Out of political touch


Joma Sison, communist head in self-exile abroad, again warned President Duterte against imposing martial law that he claimed would result in his downfall, as he brought up what befell the martial law president, Ferdinand Marcos.

“It is best for Duterte to step back from his drive for absolute power and absolute corruption before it is too late for him,” Sison said in a statement.

“He must recall what happened to Marcos at the end even as he had far more advantages like younger age, a more suave way of deception, Ilocano affinity with most of the military personnel, bigger allowance for foreign borrowing,” Sison stressed.

In a recent non-scripted speech, Duterte said he was not advocating the declaration of nationwide martial law but he will use the “strongest tools” to ensure law and order in the country.

This frustrates Sison because he wants Filipinos to see Duterte as another Marcos.
But Sison also may be hoping that the President would declare martial law for his own purposes.

Sison still lives in dreamland, hoping to relive his “glory” days when his communist movement, mostly then made up of young radicalized student activists and led by him, was made possible through the Marcos martial law declaration.

It was during the martial law regime that the Sison communist movement grew. The more the Marcos regime became bloody and brutal, the stronger the Sison’s movement became, attracting even middle-class Filipinos joining him and fighting the war in the hills, blindly.

In warning Duterte against imposing martial law, Sison not only hopes to regain his glory days despite his now comatose communist movement and his hopes are high that Duterte imposes martial law nationwide.

Sison just doesn’t get it when it comes to Duterte’s way of dealing with martial law. He has not dealt with it the way Marcos did.

It is a fact that martial law has been declared and imposed in Mindanao and few, if any, are complaining about the martial law that has not been lifted to this day and, probably, won’t be lifted in December unless Congress thumbs down an extension request from Duterte.

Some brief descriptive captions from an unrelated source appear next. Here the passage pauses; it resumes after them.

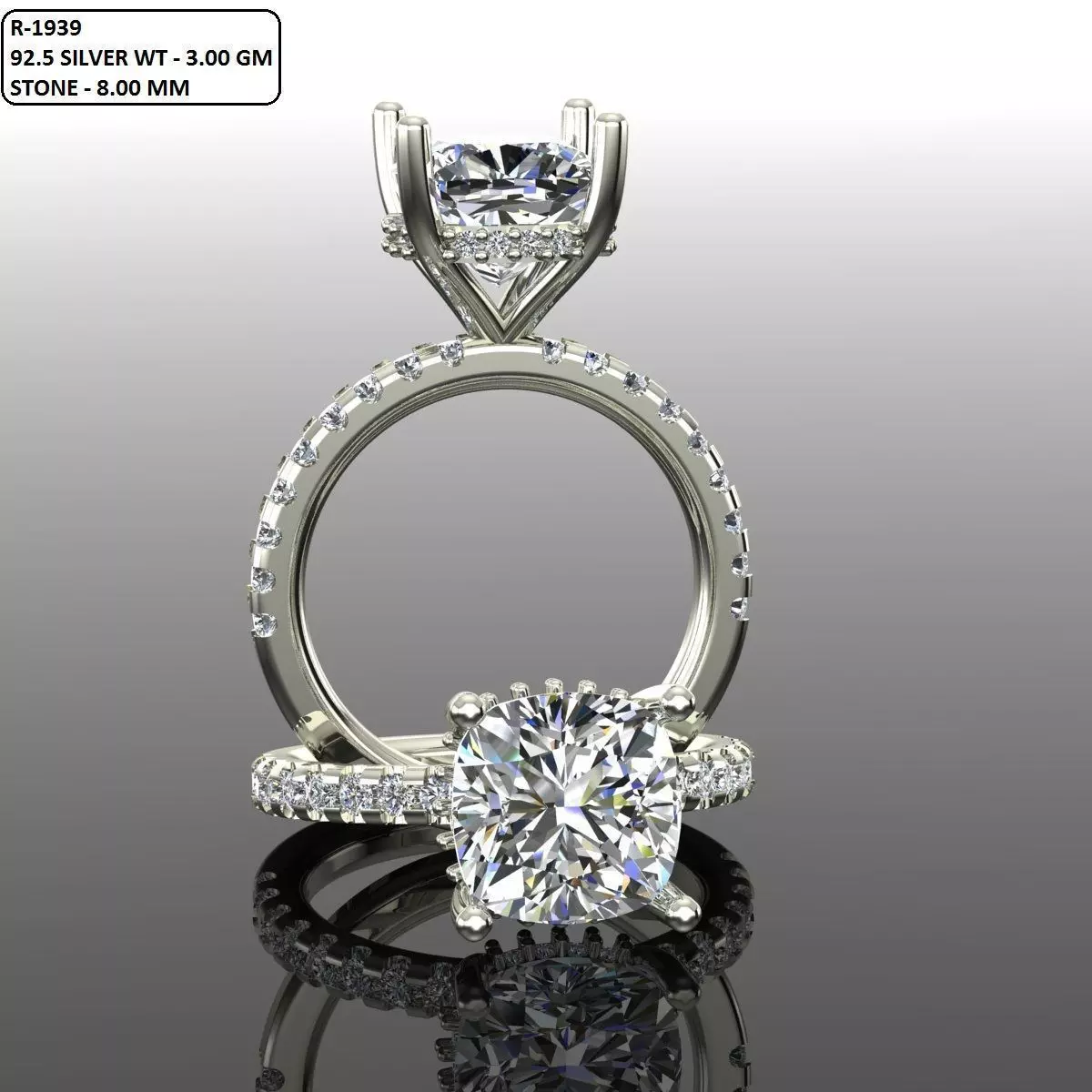 Solitaire Ring 3D print model_0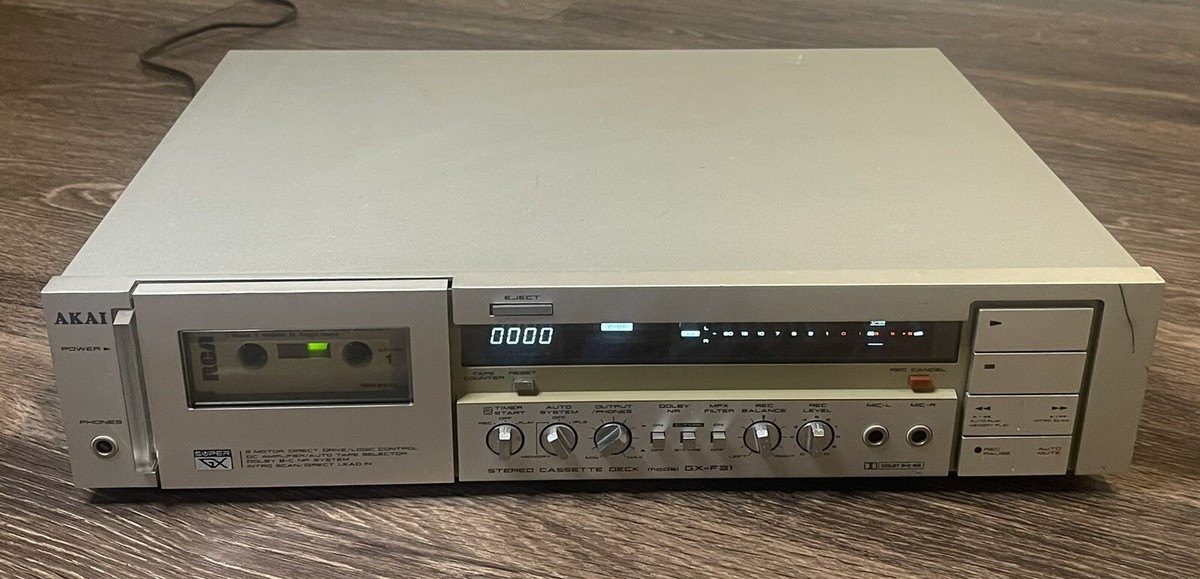 AKAI GX-F31 Direct Drive Stereo Cassette Tape Deck Super GX Rewind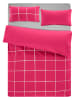 GUIDO MARIA KRETSCHMER Renforcé-Bettwäsche-Set ''Basic'' in Pink - (L)200 x (B)135 cm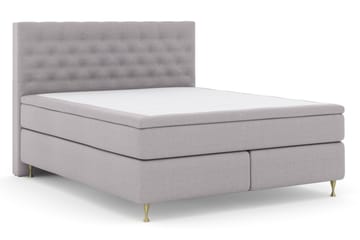 Komplett Sengepakke Choice No 4 180x200 Fast - Lysegrå|Gullben - Møbler - Senger - Kontinentalsenger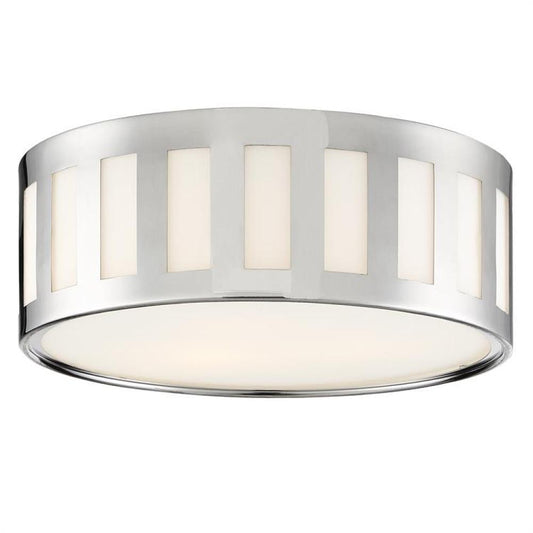Crystorama Kendal Flush Mount Polished Nickel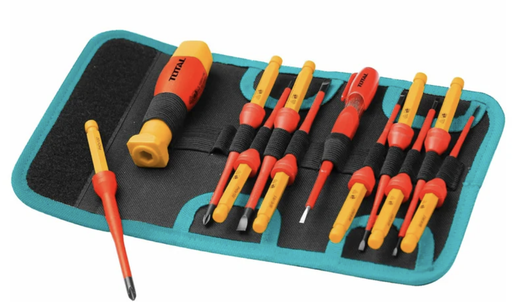 [10105] 12PC SET INSULATED SCREWDRIVER THKISD1201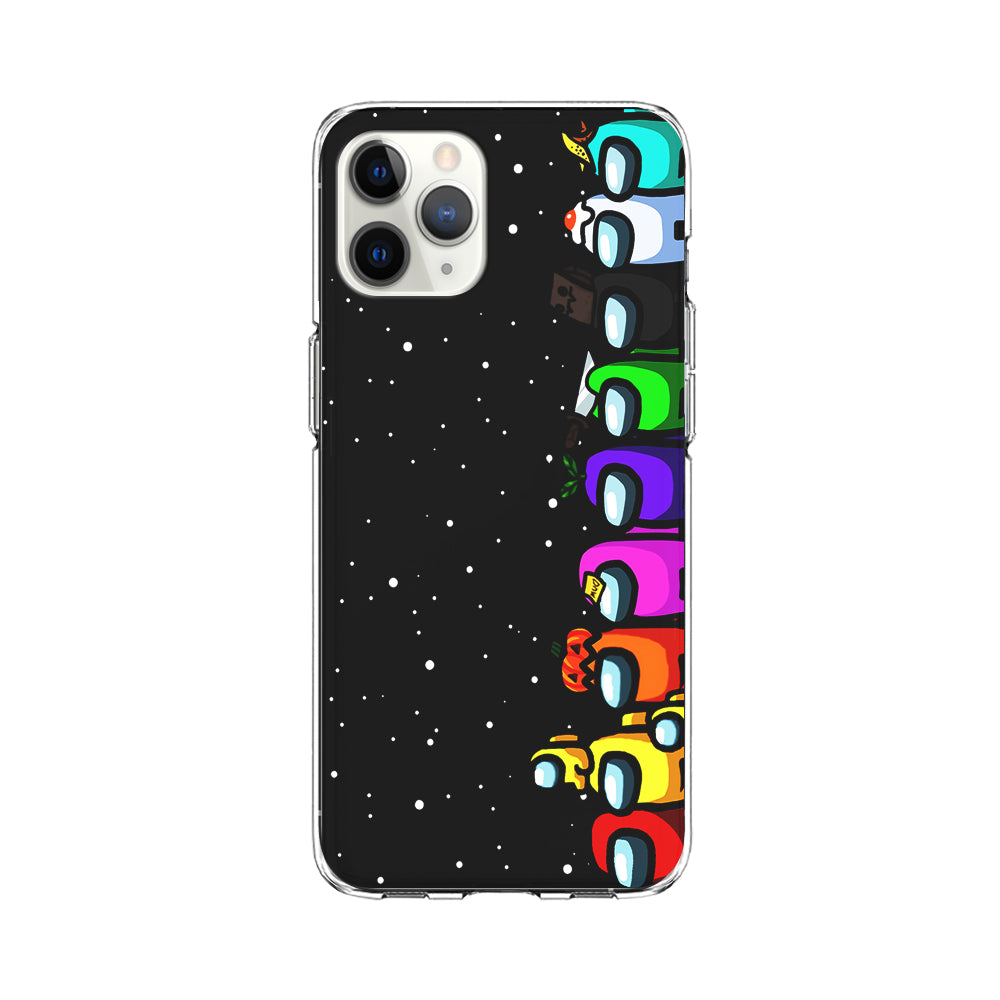 Among Us Galaxy iPhone 11 Pro Case-Phone Case-Clear Soft Case-Altracase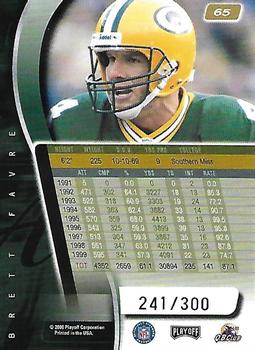 2000 Playoff Absolute - Coaches Honors #65 Brett Favre Back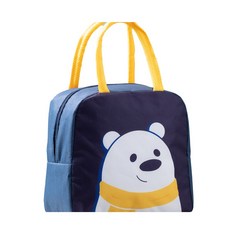 타닥 캐릭터 보냉가방 휴대용 도시락 가방 보온 보냉백 런치백, 7L, a네이비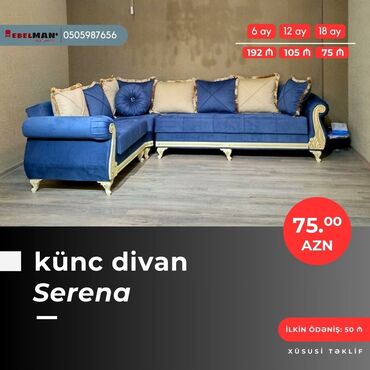 Divanlar: Künc divan, Yeni, Açılan, Bazalı, Parça, Şəhərdaxili pulsuz çatdırılma — 27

Despite a murderous Islamic terrorist group that was a serious threat to Maguindanao and the entire Mindanao even, Duterte’s martial law was pretty benign in the sense that the rights of the citizens — save for the terrorists and their sympathizers, who were arrested at checkpoints put up by the police and military — were and are still being upheld. Businessmen from Mindanao were certainly free to travel, free from search and seizure of private property by government authorities and freedom of speech and of the press upheld, among other rights guaranteed by the Constitution. There certainly was no censorship and no political opposition figures were imprisoned.

Notice too that there were hardly any large-scale protest marches uniting against Duterte and his martial law imposition in Mindanao.

Chances are high that if ever Duterte declares nationwide martial rule anytime in the near future that would be a copy of his martial law in Mindanao which would uphold all the rights and freedoms of the Filipinos. There certainly wouldn’t be large-scale protests by the opposition since this political group will not be able to attract even the elite and the middle-class to join the protest marches.

Sison is warning Duterte of declaring martial law, even if the commie leader knows that the President won’t declare martial law a la Marcos.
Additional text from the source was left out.